Messbare Hirnreaktionen

Für die Therapie könne diese Fehldiagnose schwerwiegende Folgen haben. „Wir vermuten, dass viele SMB-Patienten, die für Wachkoma-Patienten gehalten werden, unter der fehlenden persönlichen Ansprache leiden“, so Bender. Eine aktuelle Metastudie zeigt, dass elektrophysiologische Verfahren solche Fehldiagnosen reduzieren können. Für die Analyse hatten die Neurophysiologen 20 klinische Studien mit 436 Wachkoma- und 470 SMB-Patienten ausgewertet, deren Hirnaktivität unter anderem mit funktioneller Magnetresonanztomographie (fMRT) und quantitativer Elektroenzephalographie (qEEG) gemessen worden war. Beide Methoden zeigen, ob Patienten sich bestimmte Bewegungen, etwa Tennisspielen, vorstellen können, wenn man sie dazu auffordert.

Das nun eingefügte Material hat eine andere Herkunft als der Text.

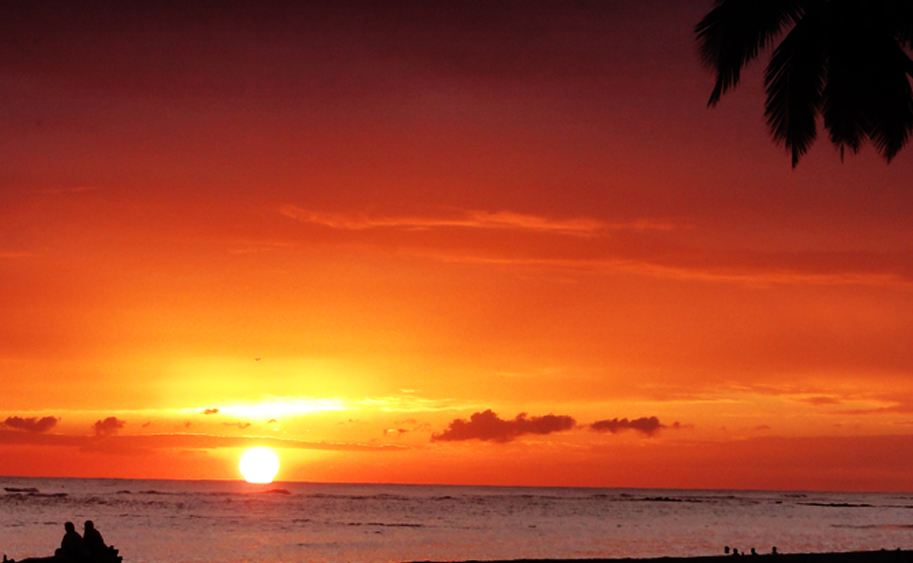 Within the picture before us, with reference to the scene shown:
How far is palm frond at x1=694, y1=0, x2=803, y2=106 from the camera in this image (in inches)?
643

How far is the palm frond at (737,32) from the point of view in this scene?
53.6 ft

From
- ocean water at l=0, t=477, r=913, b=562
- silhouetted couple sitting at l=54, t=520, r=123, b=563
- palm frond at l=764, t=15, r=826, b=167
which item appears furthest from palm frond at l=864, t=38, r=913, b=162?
ocean water at l=0, t=477, r=913, b=562

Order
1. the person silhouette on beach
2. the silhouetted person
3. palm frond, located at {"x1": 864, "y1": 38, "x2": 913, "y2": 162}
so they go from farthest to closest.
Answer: the person silhouette on beach → the silhouetted person → palm frond, located at {"x1": 864, "y1": 38, "x2": 913, "y2": 162}

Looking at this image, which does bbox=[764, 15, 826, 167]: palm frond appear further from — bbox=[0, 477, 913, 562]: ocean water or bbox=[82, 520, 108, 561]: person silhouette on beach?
bbox=[0, 477, 913, 562]: ocean water

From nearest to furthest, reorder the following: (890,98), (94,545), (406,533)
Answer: (890,98) < (94,545) < (406,533)

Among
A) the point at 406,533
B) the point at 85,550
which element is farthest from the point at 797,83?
the point at 406,533

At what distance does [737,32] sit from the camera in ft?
53.5

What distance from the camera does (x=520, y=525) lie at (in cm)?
8931

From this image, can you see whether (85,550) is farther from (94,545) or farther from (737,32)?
(737,32)

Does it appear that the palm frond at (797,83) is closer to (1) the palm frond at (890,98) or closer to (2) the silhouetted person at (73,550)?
(1) the palm frond at (890,98)

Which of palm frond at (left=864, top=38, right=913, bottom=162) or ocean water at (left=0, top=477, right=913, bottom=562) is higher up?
palm frond at (left=864, top=38, right=913, bottom=162)

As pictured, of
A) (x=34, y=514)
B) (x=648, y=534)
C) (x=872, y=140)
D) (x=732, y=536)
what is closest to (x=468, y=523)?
(x=648, y=534)

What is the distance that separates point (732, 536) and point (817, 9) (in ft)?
206

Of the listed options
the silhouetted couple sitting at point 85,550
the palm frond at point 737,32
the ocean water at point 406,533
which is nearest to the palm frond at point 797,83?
the palm frond at point 737,32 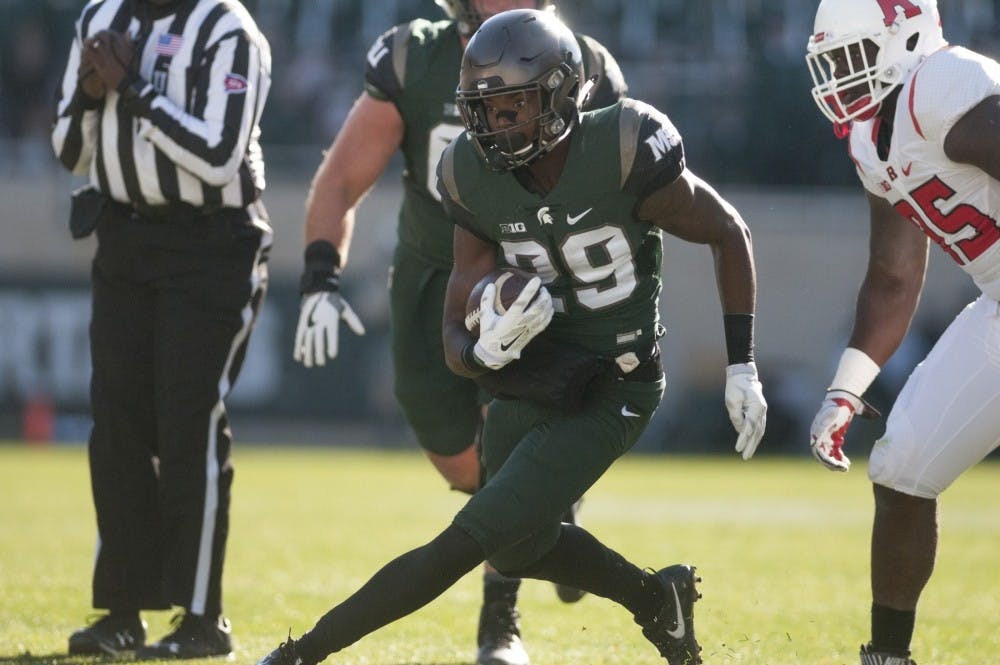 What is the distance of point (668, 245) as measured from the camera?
48.3 ft

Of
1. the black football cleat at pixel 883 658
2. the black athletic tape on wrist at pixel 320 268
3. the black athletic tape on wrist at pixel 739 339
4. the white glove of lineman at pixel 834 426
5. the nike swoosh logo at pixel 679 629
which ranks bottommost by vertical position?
the black football cleat at pixel 883 658

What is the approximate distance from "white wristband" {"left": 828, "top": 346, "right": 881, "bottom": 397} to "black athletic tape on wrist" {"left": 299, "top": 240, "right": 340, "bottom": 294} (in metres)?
1.44

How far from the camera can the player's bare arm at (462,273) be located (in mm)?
3570

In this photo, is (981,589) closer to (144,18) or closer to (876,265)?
(876,265)

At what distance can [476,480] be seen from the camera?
4602 mm

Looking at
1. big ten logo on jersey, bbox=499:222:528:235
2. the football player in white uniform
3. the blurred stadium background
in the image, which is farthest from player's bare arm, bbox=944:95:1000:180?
the blurred stadium background

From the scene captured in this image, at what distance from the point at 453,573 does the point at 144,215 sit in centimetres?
162

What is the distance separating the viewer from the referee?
416 centimetres

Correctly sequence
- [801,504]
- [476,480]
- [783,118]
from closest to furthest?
[476,480] < [801,504] < [783,118]

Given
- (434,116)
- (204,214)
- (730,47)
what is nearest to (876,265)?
(434,116)

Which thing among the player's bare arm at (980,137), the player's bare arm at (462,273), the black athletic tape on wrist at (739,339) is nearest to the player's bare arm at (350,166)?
the player's bare arm at (462,273)

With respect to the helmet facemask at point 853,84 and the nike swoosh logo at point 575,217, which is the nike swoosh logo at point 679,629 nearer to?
the nike swoosh logo at point 575,217

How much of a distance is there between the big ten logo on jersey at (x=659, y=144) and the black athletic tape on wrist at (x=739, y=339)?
0.43 m

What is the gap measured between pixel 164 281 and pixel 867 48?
6.64ft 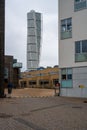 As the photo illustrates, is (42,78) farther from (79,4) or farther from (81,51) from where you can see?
(81,51)

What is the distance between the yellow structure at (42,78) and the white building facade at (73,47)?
211 feet

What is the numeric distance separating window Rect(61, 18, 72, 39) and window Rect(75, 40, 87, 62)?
65.7 inches

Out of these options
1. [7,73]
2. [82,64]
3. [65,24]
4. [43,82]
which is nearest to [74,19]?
[65,24]

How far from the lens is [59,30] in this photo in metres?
35.4

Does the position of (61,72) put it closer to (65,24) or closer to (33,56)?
(65,24)

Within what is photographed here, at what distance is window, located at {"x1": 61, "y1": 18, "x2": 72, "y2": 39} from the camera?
112 feet

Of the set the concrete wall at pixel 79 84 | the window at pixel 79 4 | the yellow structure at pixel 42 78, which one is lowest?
the yellow structure at pixel 42 78

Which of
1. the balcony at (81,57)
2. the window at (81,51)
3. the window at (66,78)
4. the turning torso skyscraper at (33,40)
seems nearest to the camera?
the balcony at (81,57)

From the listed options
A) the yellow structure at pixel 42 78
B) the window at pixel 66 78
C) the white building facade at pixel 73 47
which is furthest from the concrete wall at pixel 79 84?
the yellow structure at pixel 42 78

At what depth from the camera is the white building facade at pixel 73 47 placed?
32.3 m

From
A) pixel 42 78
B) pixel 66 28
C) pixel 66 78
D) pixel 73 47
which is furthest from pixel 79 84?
pixel 42 78

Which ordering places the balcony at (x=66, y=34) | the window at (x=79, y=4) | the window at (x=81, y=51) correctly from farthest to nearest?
the balcony at (x=66, y=34)
the window at (x=79, y=4)
the window at (x=81, y=51)

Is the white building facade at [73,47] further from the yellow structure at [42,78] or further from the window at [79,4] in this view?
the yellow structure at [42,78]

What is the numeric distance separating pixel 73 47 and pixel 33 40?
470 feet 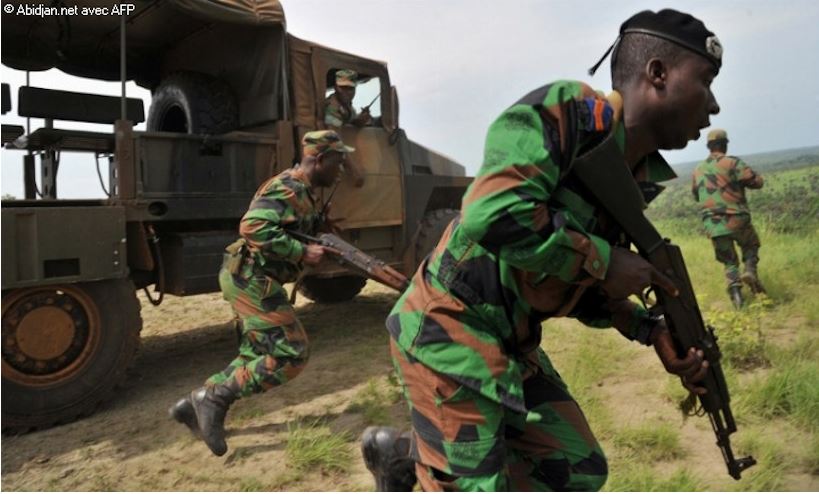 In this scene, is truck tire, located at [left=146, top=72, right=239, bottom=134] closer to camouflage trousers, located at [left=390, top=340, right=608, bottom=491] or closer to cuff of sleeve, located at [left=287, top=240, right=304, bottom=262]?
cuff of sleeve, located at [left=287, top=240, right=304, bottom=262]

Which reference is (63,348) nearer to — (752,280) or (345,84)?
(345,84)

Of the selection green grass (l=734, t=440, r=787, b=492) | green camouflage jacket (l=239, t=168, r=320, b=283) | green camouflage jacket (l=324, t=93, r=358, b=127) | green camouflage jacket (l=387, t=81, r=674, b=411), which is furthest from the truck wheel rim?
green grass (l=734, t=440, r=787, b=492)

Sowohl in den fMRT- als auch in den qEEG-basierten Studien konnten 10 bis 24 Prozent der Wachkoma-Patienten solche Aufgaben befolgen. Sie wären also als SMB-Patienten einzustufen.

Diagnostik erweitern

„Mit dem derzeitigen Goldstandard für die Wachkoma-Diagnose, der sogenannten revidierten Coma Recovery Scale (CRS-R), lassen sich solche Bewegungsvorstellungen nicht nachweisen“, erklärt Professor Dr. med. Andreas Straube vom Klinikum der Universität München die Ursache der Fehldiagnosen. Denn die CRS-R erfordert, dass Patienten sich tatsächlich bewegen. „Es gibt aber auch Patienten, die zwar bei Bewusstsein sind, aber keinen Zugriff auf ihr motorisches System haben“, so Bender. „Am genauesten konnte der Bewusstseinszustand mit dem qEEG erkannt werden.“ (red)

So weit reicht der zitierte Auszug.